**Problem details**
Print the lines of the listing below verbatim from its first line through the line bearing "Bonnet Macaque, Macaca radiata". Any pictures are to be omitted.

Segment Start: Provided information

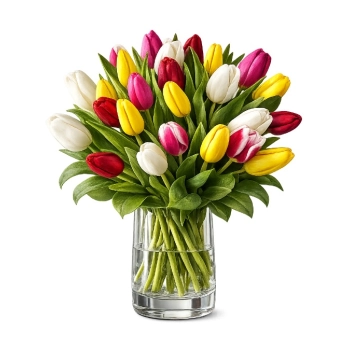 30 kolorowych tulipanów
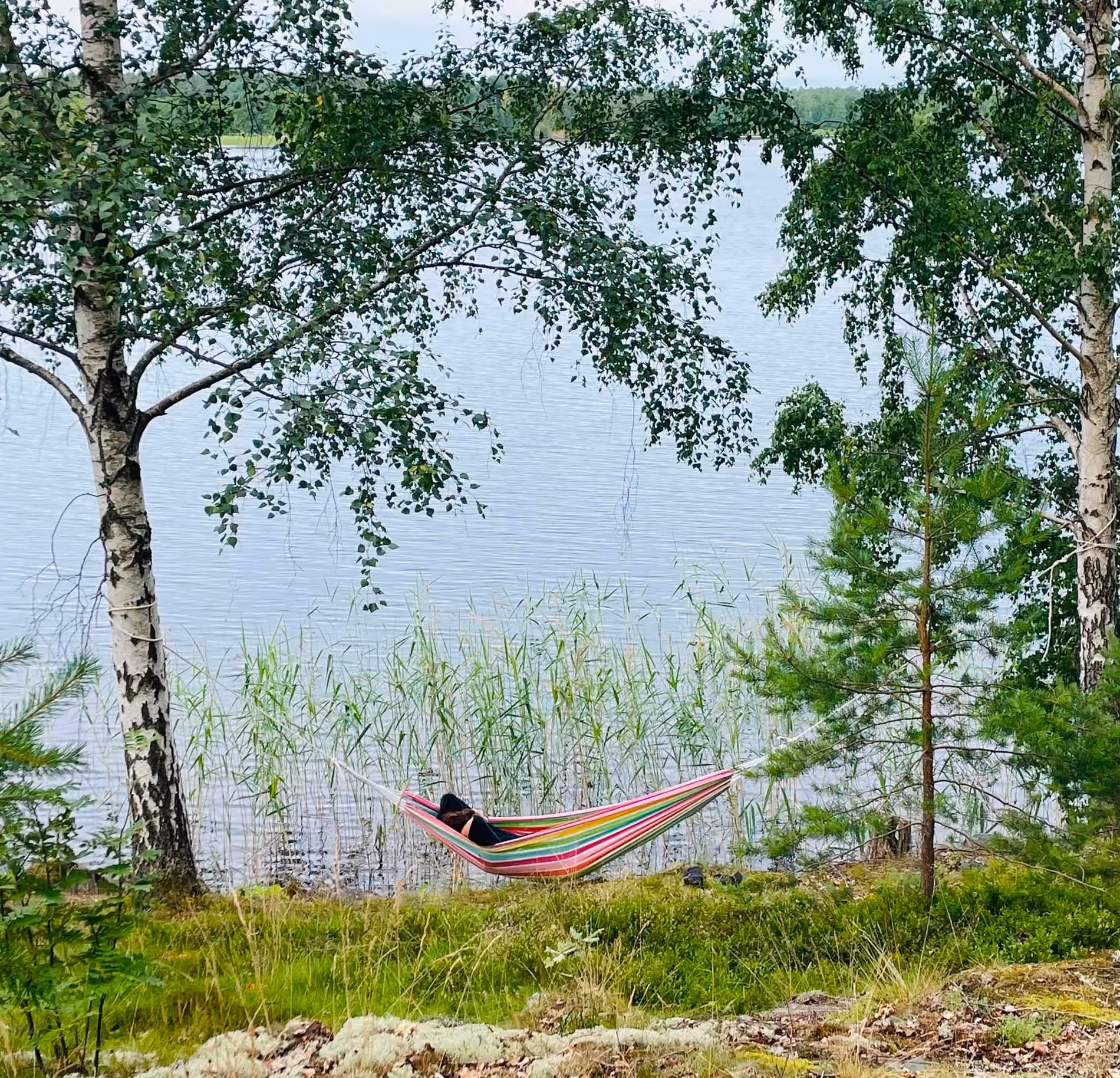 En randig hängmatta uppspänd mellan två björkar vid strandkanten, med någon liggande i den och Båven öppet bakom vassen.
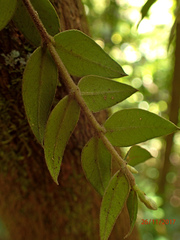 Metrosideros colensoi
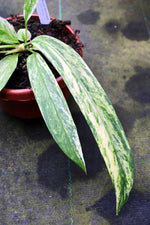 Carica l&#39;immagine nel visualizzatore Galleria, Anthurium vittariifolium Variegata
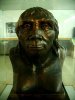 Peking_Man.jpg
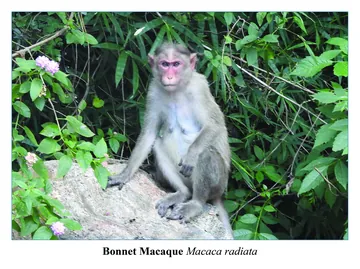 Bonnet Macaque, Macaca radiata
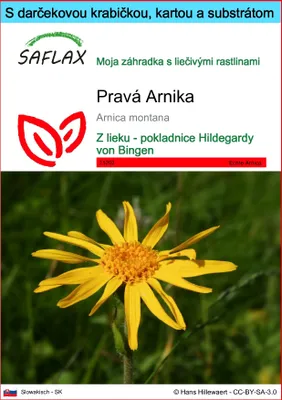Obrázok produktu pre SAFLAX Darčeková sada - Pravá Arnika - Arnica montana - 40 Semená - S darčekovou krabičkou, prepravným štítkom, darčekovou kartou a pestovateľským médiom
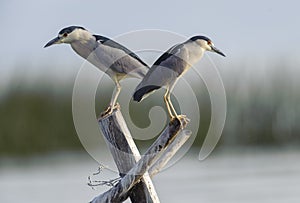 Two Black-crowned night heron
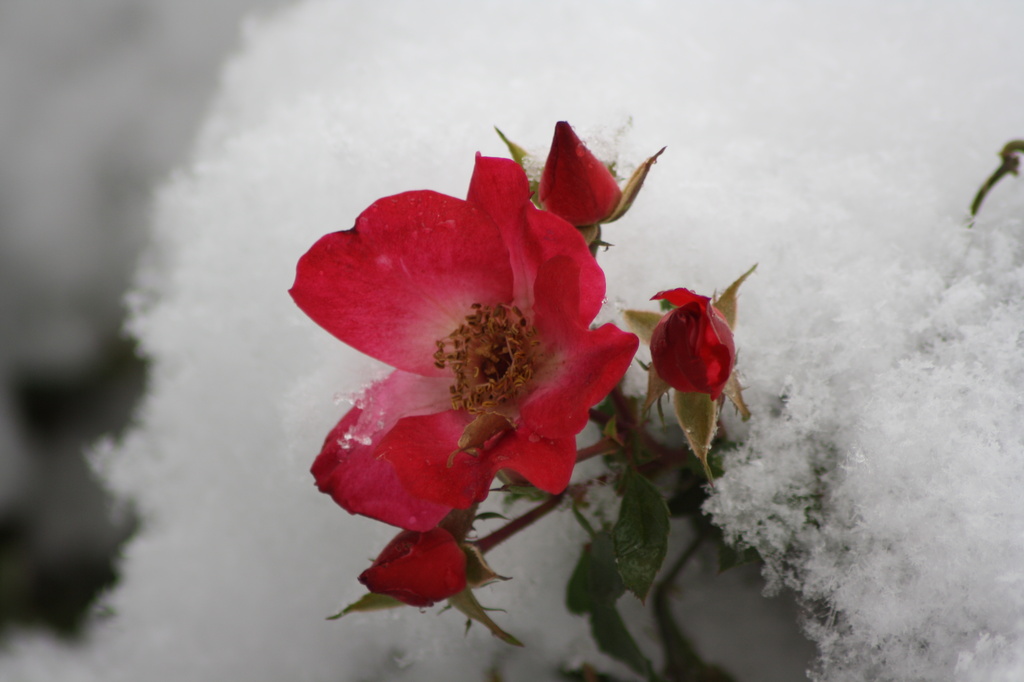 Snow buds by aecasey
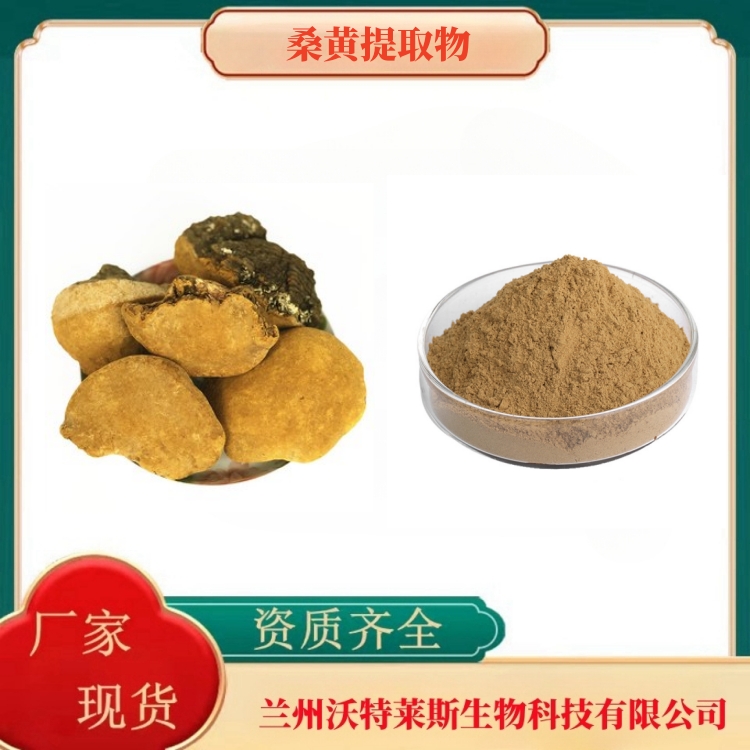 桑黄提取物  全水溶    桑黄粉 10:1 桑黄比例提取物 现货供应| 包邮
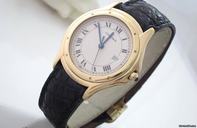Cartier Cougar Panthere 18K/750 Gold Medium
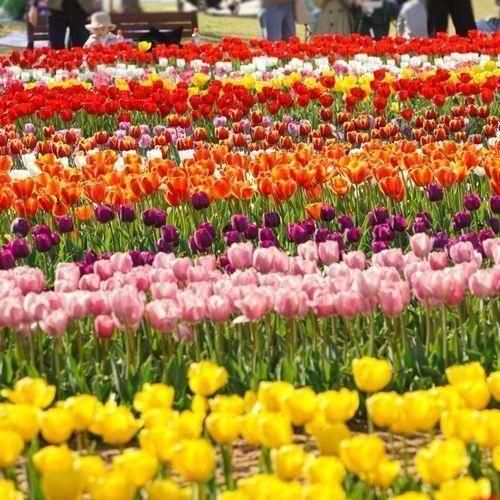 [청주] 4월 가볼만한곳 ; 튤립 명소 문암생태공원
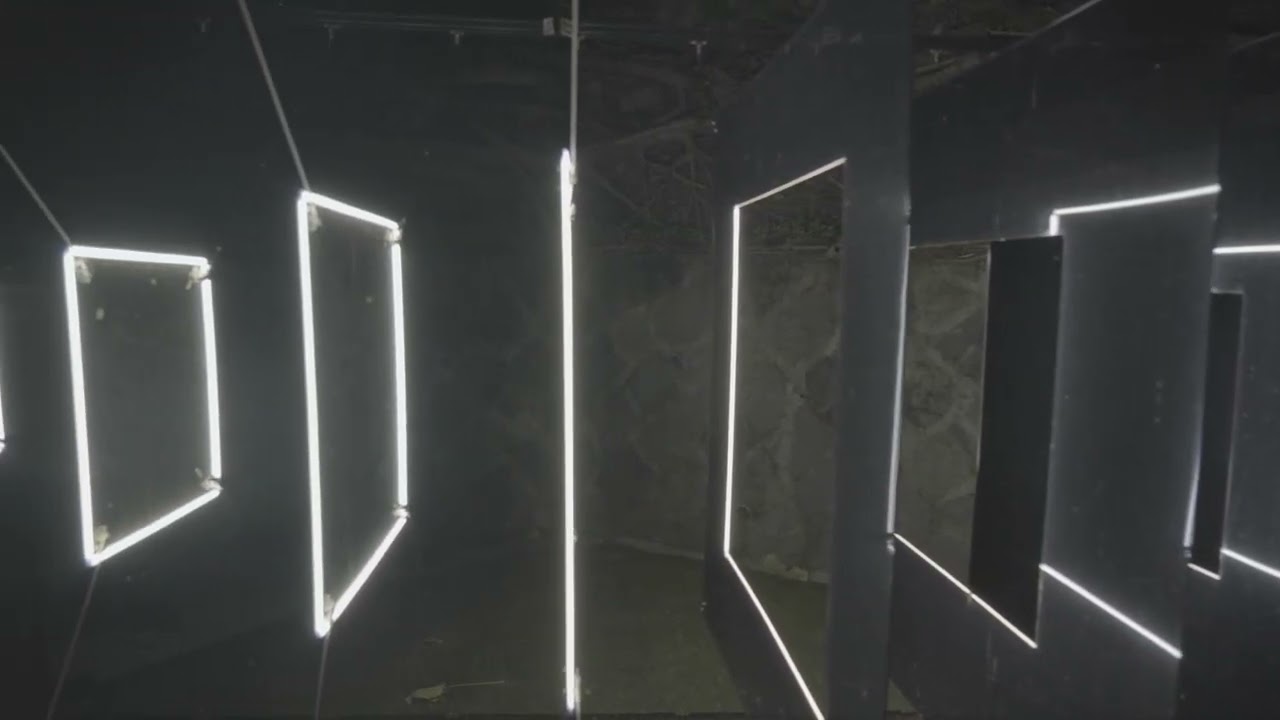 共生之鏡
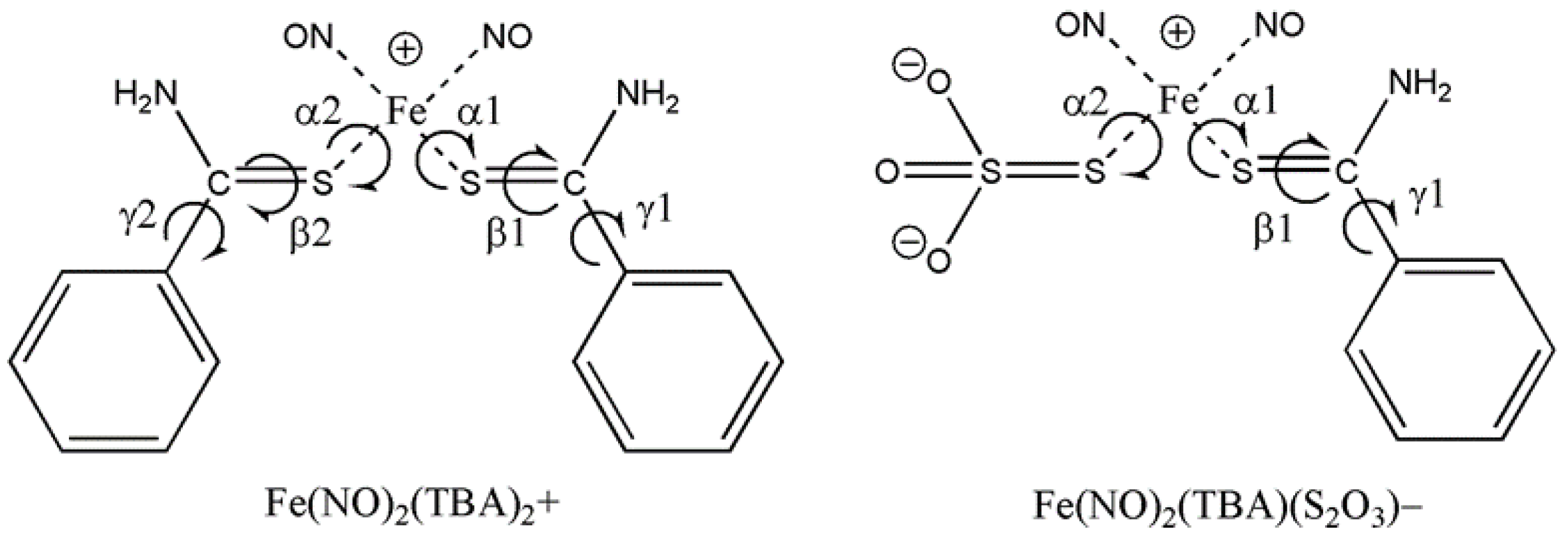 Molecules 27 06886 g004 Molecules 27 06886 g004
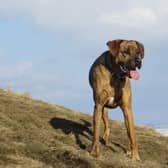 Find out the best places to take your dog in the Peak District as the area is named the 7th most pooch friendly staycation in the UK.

Segment End: Provided information

**Response box**
 30 kolorowych tulipanów
 En randig hängmatta uppspänd mellan två björkar vid strandkanten, med någon liggande i den och Båven öppet bakom vassen.
 Metrosideros colensoi
 Carica l&#39;immagine nel visualizzatore Galleria, Anthurium vittariifolium Variegata
 Peking_Man.jpg
 Bonnet Macaque, Macaca radiata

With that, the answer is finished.